The Senate passed legislation that would tighten security at U.S. borders by using biometrics and other high-tech tools

The Senate passed legislation April 18 that would tighten security at U.S. borders by using biometrics and other high-tech tools to monitor who crosses the border and how long they stay.

The $3.2 billion Enhanced Border Security and Visa Entry Reform Act would take advantage of many of the new technologies on the market to track foreign students on temporary visas and check passenger lists of incoming jetliners from overseas.

It also would create a database from law enforcement sources that could help immigration officials bar possible terrorists, and it would require all travel documents for those entering the country to include biometric identifiers such as fingerprints or retinal scans.

The legislation, already approved by the House, passed in the Senate 97-0, and President Bush is expected to sign it after Congress makes some minor changes to the bill. But experts in the field cautioned that it is not a panacea.

"Biometrics can be a helpful part of [the] solution, but fingerprinting every person who comes across the border will be difficult," said Peter Kant, director of the Jefferson Consulting Group, a company involved in security.

Douglas Doan, vice president at New Technology Management Inc., said that biometrics is only a small piece of the solution.

"Border security is not achieved with one technology," he cautioned. "It is not achieved [by] hiring more people. There just aren't enough people to hold hands along the border. We need a mix of good technology and targeting tools."
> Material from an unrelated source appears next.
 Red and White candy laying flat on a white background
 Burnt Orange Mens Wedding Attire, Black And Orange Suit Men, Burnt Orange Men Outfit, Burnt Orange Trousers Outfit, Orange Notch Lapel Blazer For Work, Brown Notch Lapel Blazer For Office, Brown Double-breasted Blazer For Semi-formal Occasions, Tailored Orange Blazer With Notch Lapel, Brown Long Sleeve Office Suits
And Michael Thieme, senior consultant with International Biometric Group LLC, said the bill could create one of the largest biometrics projects in the world. "There's going to be a major challenge in taking the idea of biometrics at the borders and making it reality," he said.

The border security bill would increase the pay of border patrol agents and allow the Immigration and Naturalization Service to hire 200 new investigators and another 200 inspectors.

It would also require INS to establish a foreign student-tracking system that records the acceptance of aliens by educational institutions, issuance of student visas and enrollment of aliens at schools. Several Sept. 11 hijackers were in the country on student visas.

Sen. Sam Brownback (R-Kan.) said the bill is expected to close those loopholes. Some of the hijackers "came in under student visas because they were looking for weaknesses to get into the United States in a less restrictive, reviewed area," he said. "So that is why this has been at the very heart of this bill."

Border lines

Highlights of the Enhanced Border Security and Visa Entry Reform Act of 2002:

* Provide $3.2 billion across three years for hiring and training government personnel and for improvements in technology and infrastructure.

* Require machine-readable visas and other travel documents by 2004.

* Require personal biometric data on the documents.

* Require an interoperable name-matching system to identify and bar possible terrorists.

* Establish a foreign student-tracking system.

* Establish a tracking system for stolen passports.

* Require electronic transmission of passenger manifests to immigration officers by Jan. 1, 2003.